Each line of the data must be given back verbatim, with pictures removed.

▶ Provided data
┄┄┄┄┄┄

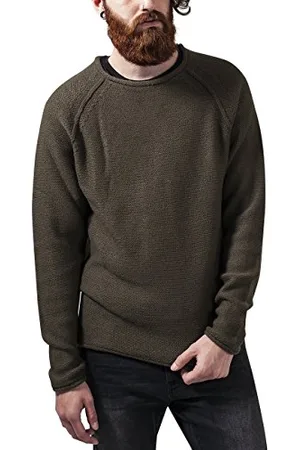 Urban classics Raglan Wideneck Sweater Felpa, (Olive 176), S Uomo
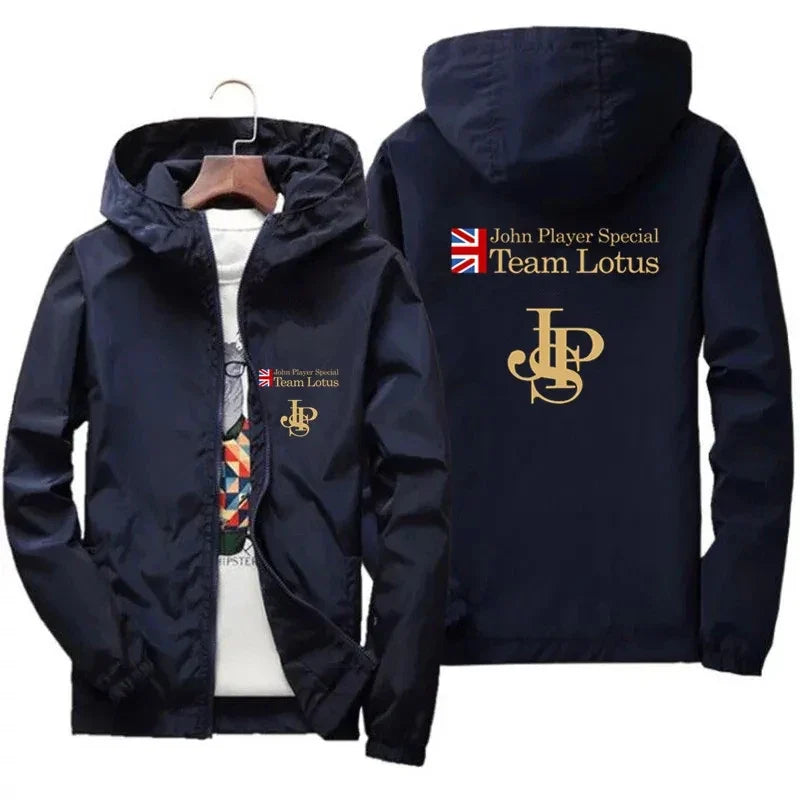 Men's Spring and Autumn JPS Zone Player Special Team Large Size Sportswear Thick Windproof Hooded Zipper Navigation Jacket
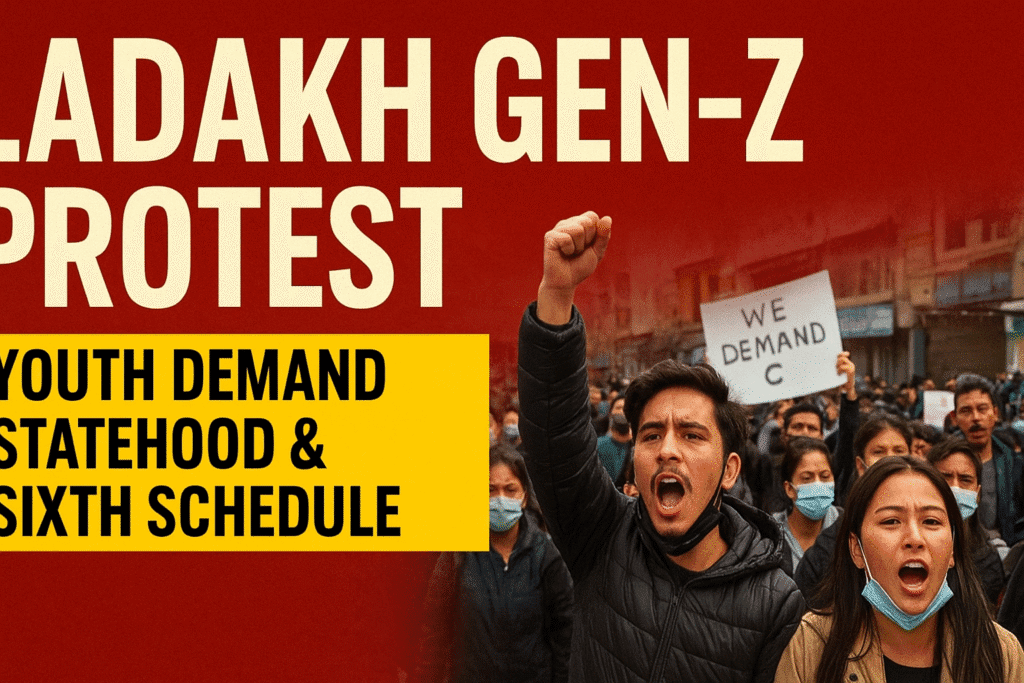 Ladakh gen-z protest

┄┄┄┄┄┄

▶ Output
 Urban classics Raglan Wideneck Sweater Felpa, (Olive 176), S Uomo
 Men's Spring and Autumn JPS Zone Player Special Team Large Size Sportswear Thick Windproof Hooded Zipper Navigation Jacket
 Ladakh gen-z protest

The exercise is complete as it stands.